* _ACTION ITEM_:
From the records below, transcribe exactly the lines that begin at the line with "DOO AUSTRALIA - Polera" and end at the line with "Rektangulär matgrupp Venture", both included.
______________________________
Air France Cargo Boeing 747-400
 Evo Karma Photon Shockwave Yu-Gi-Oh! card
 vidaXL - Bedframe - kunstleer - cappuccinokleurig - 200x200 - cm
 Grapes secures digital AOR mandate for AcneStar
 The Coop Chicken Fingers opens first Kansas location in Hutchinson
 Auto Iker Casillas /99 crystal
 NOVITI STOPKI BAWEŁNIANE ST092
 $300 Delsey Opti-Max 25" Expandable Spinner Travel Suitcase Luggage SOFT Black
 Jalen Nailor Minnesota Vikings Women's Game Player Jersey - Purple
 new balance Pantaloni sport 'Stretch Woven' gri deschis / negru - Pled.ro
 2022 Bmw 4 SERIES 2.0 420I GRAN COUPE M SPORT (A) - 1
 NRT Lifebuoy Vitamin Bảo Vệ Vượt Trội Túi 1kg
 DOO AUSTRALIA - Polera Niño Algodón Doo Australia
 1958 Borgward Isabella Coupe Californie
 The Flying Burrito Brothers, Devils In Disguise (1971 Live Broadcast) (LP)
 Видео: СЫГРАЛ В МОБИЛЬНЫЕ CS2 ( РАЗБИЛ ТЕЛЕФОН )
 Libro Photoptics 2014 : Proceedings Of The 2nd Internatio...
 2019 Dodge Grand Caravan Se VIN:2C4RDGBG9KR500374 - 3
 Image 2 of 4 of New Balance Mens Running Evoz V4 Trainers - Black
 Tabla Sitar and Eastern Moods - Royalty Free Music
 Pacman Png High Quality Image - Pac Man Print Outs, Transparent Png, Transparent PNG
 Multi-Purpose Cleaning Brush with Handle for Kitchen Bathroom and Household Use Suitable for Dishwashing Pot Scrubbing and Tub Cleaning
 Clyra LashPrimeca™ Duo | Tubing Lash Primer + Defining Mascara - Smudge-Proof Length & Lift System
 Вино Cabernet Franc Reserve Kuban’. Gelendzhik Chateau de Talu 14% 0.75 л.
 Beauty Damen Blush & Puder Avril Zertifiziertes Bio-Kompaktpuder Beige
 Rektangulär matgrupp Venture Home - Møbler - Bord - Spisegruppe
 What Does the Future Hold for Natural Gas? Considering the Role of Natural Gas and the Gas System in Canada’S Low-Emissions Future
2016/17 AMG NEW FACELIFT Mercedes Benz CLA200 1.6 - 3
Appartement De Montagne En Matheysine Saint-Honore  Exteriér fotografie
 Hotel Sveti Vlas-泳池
______________________________
* _RESULT OF THE EXERCISE_:
 DOO AUSTRALIA - Polera Niño Algodón Doo Australia
 1958 Borgward Isabella Coupe Californie
 The Flying Burrito Brothers, Devils In Disguise (1971 Live Broadcast) (LP)
 Видео: СЫГРАЛ В МОБИЛЬНЫЕ CS2 ( РАЗБИЛ ТЕЛЕФОН )
 Libro Photoptics 2014 : Proceedings Of The 2nd Internatio...
 2019 Dodge Grand Caravan Se VIN:2C4RDGBG9KR500374 - 3
 Image 2 of 4 of New Balance Mens Running Evoz V4 Trainers - Black
 Tabla Sitar and Eastern Moods - Royalty Free Music
 Pacman Png High Quality Image - Pac Man Print Outs, Transparent Png, Transparent PNG
 Multi-Purpose Cleaning Brush with Handle for Kitchen Bathroom and Household Use Suitable for Dishwashing Pot Scrubbing and Tub Cleaning
 Clyra LashPrimeca™ Duo | Tubing Lash Primer + Defining Mascara - Smudge-Proof Length & Lift System
 Вино Cabernet Franc Reserve Kuban’. Gelendzhik Chateau de Talu 14% 0.75 л.
 Beauty Damen Blush & Puder Avril Zertifiziertes Bio-Kompaktpuder Beige
 Rektangulär matgrupp Venture Home - Møbler - Bord - Spisegruppe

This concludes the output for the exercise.